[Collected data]
Content starts

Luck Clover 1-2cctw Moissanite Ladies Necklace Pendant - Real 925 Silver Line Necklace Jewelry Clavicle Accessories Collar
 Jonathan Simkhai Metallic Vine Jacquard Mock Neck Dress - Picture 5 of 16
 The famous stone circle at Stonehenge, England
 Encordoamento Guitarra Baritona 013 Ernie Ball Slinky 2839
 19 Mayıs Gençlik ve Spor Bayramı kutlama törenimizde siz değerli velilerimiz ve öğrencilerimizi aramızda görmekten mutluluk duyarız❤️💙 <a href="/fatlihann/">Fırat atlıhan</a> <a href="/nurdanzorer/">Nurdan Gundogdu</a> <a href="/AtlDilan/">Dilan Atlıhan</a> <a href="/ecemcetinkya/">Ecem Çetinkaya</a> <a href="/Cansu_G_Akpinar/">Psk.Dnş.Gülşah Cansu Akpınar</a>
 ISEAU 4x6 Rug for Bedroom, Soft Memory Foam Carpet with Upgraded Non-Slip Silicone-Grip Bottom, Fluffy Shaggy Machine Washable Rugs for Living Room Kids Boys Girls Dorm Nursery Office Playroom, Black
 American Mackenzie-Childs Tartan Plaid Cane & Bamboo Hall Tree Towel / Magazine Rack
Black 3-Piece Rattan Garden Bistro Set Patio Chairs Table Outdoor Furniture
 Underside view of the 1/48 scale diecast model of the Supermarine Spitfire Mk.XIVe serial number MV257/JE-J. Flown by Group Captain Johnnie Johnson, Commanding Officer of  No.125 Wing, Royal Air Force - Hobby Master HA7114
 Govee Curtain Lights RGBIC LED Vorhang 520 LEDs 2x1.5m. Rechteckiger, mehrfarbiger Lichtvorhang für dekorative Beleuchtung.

Content ends

PROBLEM TO WORK ON:
Count how many lines in the data contain the word "Black", giving the number without comment.

ANSWER:
2